These letters were received with enthusiasm throughout the colonies, and the "Pennsylvania Farmer" found himself looked upon as the foremost patriot of America.

About this time the first cargoes of tea arrived in the colonies since the passage of the bill taxing tea in America, and it is interesting to know that the citizens of Philadelphia held a meeting, at which Dr. Thomas Cadwalader presided and Dickinson took a prominent part, to take steps to prevent the landing of tea in Philadelphia, seventeen days before the similar meeting was held in Boston which preceded the famous Boston tea-party. Such drastic measures as were resorted to in Boston were not, however, found necessary in Philadelphia.

Mr. Dickinson suffered from the position he took in the Pennsylvania Assembly upon the question of the Proprietary charter, and at the expiration of his term was not re-elected. After devoting his leisure to study and reflection, the results of which are seen in the "Farmer's Letters," he became again a member of Assembly in 1771. On the 5th of March of this year, at the request of the

Assembly, he drafted a petition to the king, which was unanimously adopted.
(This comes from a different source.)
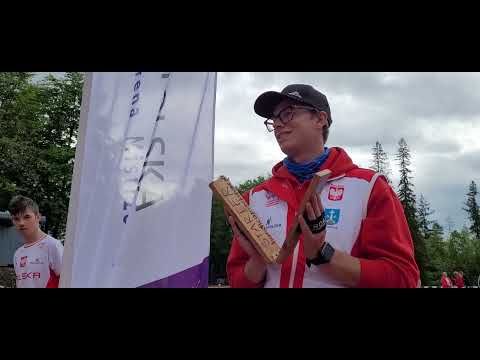 Narciarze niepełnosprawni podczas zawodów zimowych — miniatura wideo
The petition, which is in the tone of the most loyal devotion to the Crown, asks that the people of Pennsylvania may be restored to the condition they were in before 1763.

In the mean time, in 1770, Dickinson had been married. to Miss Mary Norris, the only daughter of Isaac Norris, for many years Speaker of the Pennsylvania Assembly, but then deceased, and with his wife resided at Fairhill, the beautiful country home of the Norris family, where was collected one of the finest libraries in America. Dickinson was married on July 19, and the only wedding-tour we can find any record of began some time in September, the itinerary of the journey touching Reading, Bethlehem, Lancaster, York, and the frontier town of Carlisle, being, in fact, a tour of Pennsylvania. Let us stop to quote from a letter written by Dickinson to an aunt during the journey, dated September 20, 1770.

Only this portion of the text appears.